The difference is that sub-prime cards generally cost more due to more fees and a higher interest rate – also known as the annual percentage rate (APR).
To be fair, a high APR can be painless for the cardholder if the account balance is paid in full every month by the due date, avoiding any interest charges at all. Most credit cards have an interest-free grace period for purchases but not for cash advances or convenience checks.
Sub-prime cards tend to have a number of fees related to opening the account or keeping the account active, such as a one-time processing fee, an annual fee, and possibly a monthly service fee.
Penalty fees can be applied for late payments or for spending more than the credit limit, and it’s not just sub-prime cards that charge them.

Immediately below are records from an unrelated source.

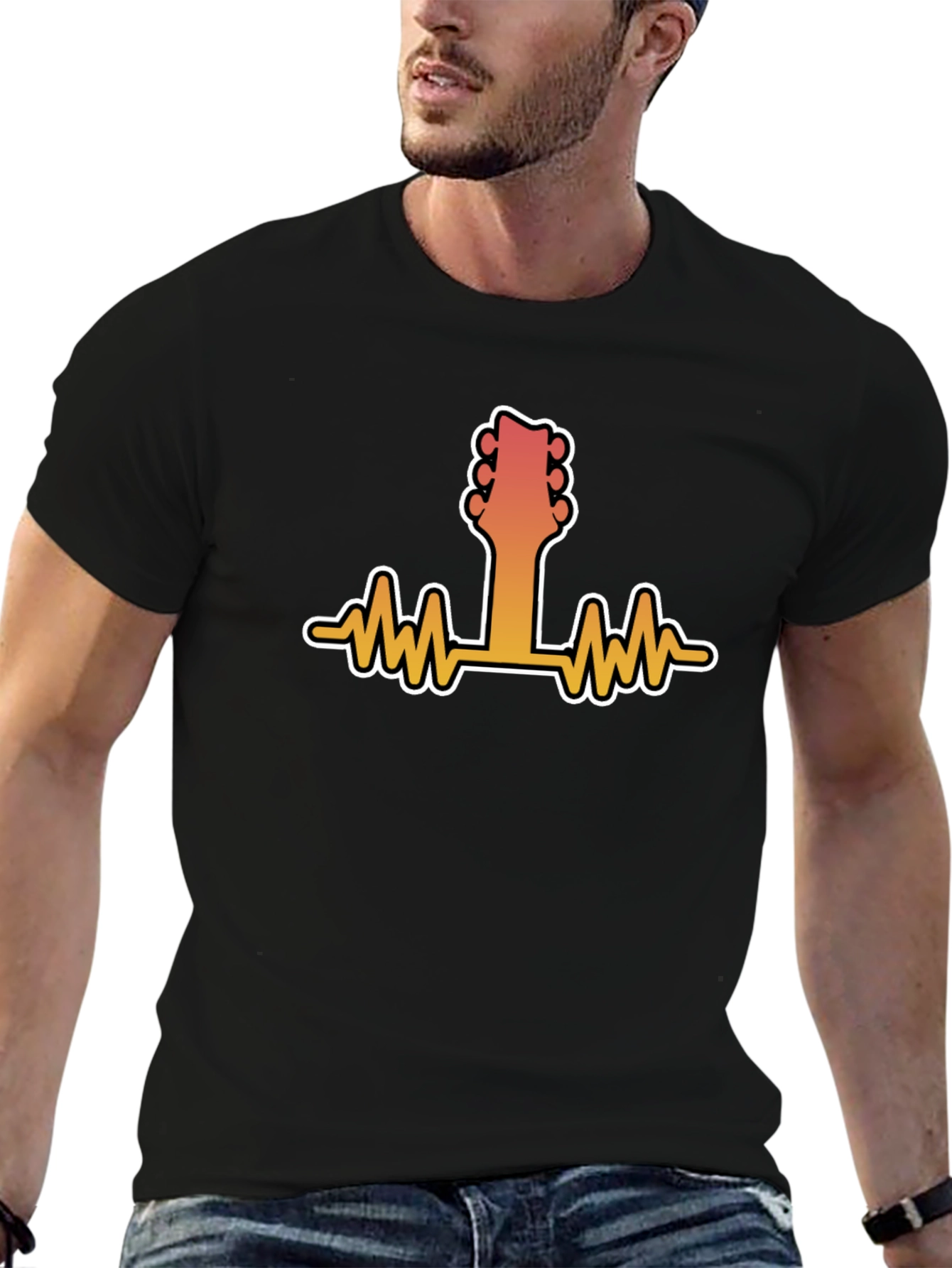 Guitar Heartbeat Graphic Tee - Music Lover Shirt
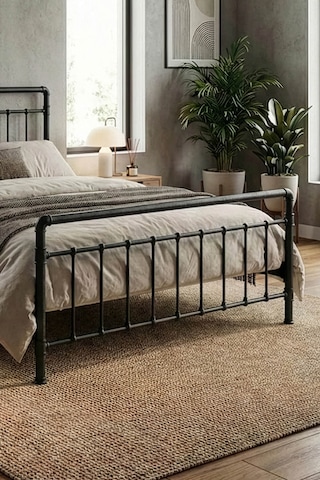 Unimetodin Metal Karyola Beyaz - Konik Geçme Konfor Destekli Latalı - 140x190/140x200/160x200/180x200 Siyah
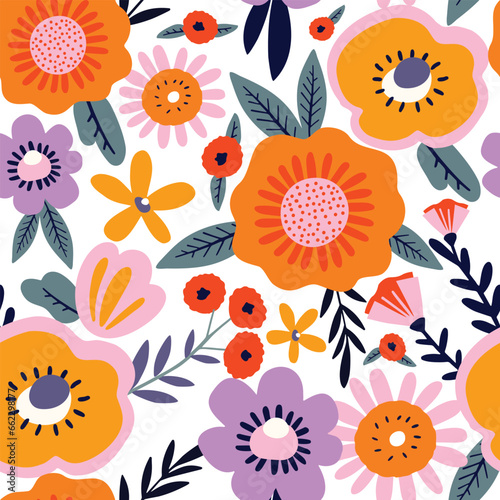 Seamless floral pattern with flowers and leaves. Vector illustration.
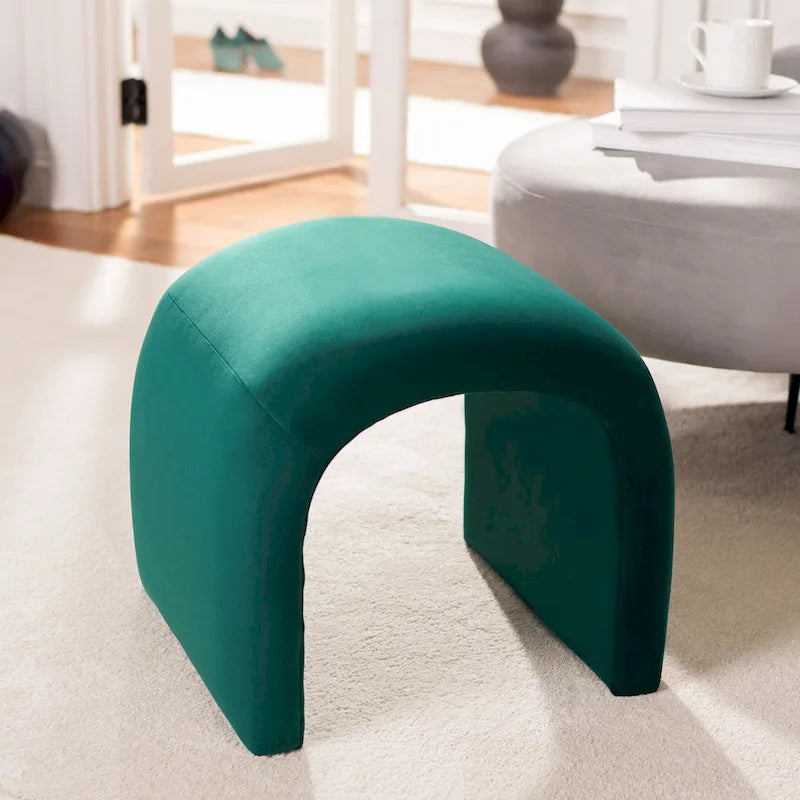 Modern Curved Velvet Ottoman for Contemporary Interiors, Plush Minimalist Accent Piece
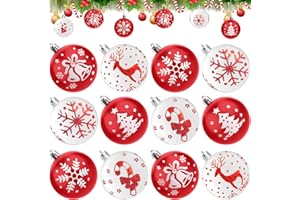 Coicok Bolas De Navidad, 12 PCS bolas arbol de navidad grandes, bolas navidad para adornos arbol navidad decoracion arbol navidad para Arboles de Navidad con Ganchos para Decoracion Navidad- 6CM Bolas
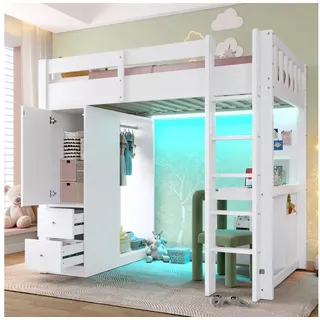 REDOM Hochbett Kinderbett Funktionsbett (mit Integriertem Schreibtisch & Stauraum, 4 Schubladen, offener Kleiderschrank, 1-St., 90x200) LED-Licht und USB 106 cm x 204 cm x 172 cm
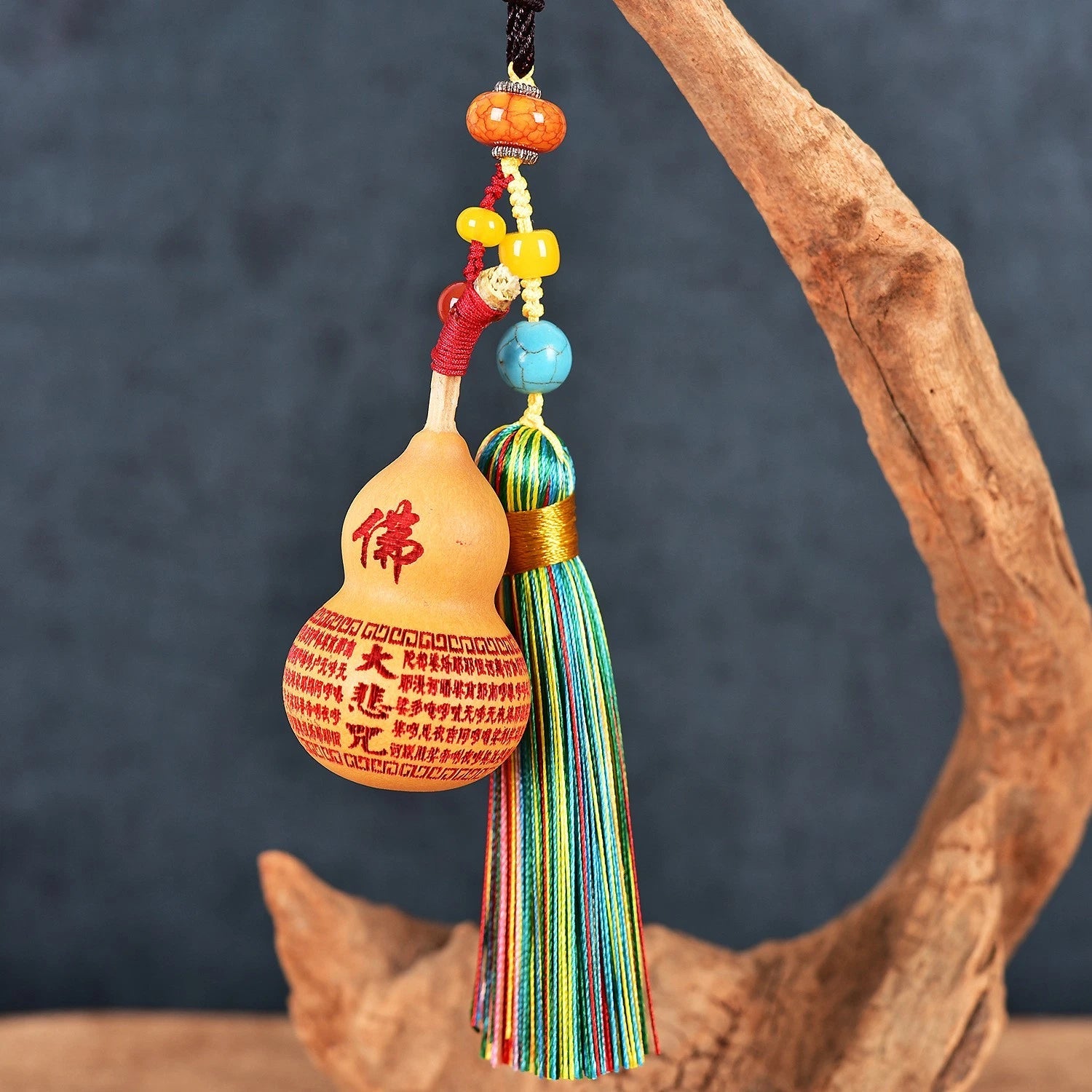 Natural Gourd Car Hanging Ornament Tassel Rearview Mirror Peace Charm Decor 07FC0E-D4 - KOEEK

Cardholders who pay close attention to their payment due dates and account balances can avoid these charges completely.
Any fees will be applied to the credit card’s balance when they are due – some of them will be due immediately upon opening the account.
Ideally, the sub-prime cardholder will improve their credit after a period of time – maybe a year or two – of responsible spending and on-time payments. The consumer may then qualify to move up to a credit card with lower costs and more benefits.
For any credit card, sub-prime or otherwise: Consumers should carefully read and understand the terms and conditions before opening an account.